This article was originally published in The Establishment and republished here with permission.
Content warning: descriptions of sexual violence
Recently, I email interviewed other survivors of incest — people who were sexually traumatized by family members during childhood. What I found is that each survivor had worked through a journey, a detective’s case of their own life, to navigate how the abuse happened to them.
When I was 25 — spurred by triggering incidents and my first foray into therapy — I launched my own investigation into why I’d always felt a “sickening awareness,” as I’d read it once described. My discovery: I’d been sexually assaulted during childhood.
An image of my mother raping me as a kid had haunted me since I’d recovered the memory, though I couldn’t make sense of it, or place where it was from. As emphasized during my many interviews with survivors, trauma memories — sometimes remembered since the event of abuse, or sometimes later recovered — can operate differently than normal, more narrative memories.
According to the Sidran Institute for Traumatic Stress Education & Advocacy:
People may use their natural ability to dissociate to avoid conscious awareness of a traumatic experience while the trauma is occurring, and for an indefinite time following it.
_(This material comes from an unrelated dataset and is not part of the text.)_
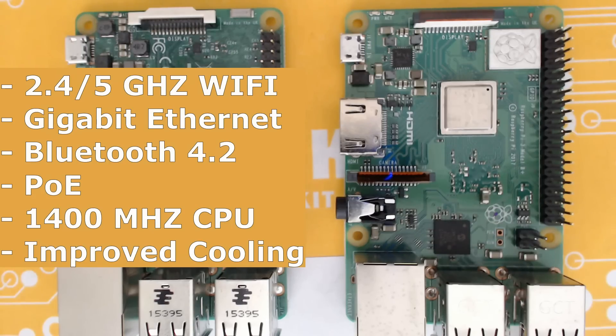It runs a bit cooler, but some cons: because it has a higher clock CPU, it's going to have a higher power draw naturally. As far as RetroPie is concerned, you'll probably need to start with a fresh image because it only works on Raspbian Stretch, which we're looking at releasing a new image for hopefully soon.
For some people, conscious thoughts and feelings, or ‘memories,’ about the overwhelming traumatic circumstance may emerge at a later date.
Absent easy-to-surface recollections, I pieced together the facts through context clues: My mother often drank to blackout status, my father was often away on business trips, and, tellingly, I developed insomnia and anxiety around the fourth grade, when I realized this incident must have happened. There was, I recognized, an iceberg of memories beneath the surface of my life — recollections of my mother making inappropriate jokes about my genitals, and touching me in ways and places that made me feel uncomfortable. Meanwhile, I’d always felt that “sickening awareness” — the feeling that I absolutely had to avoid this person, my main caretaker, as much as possible.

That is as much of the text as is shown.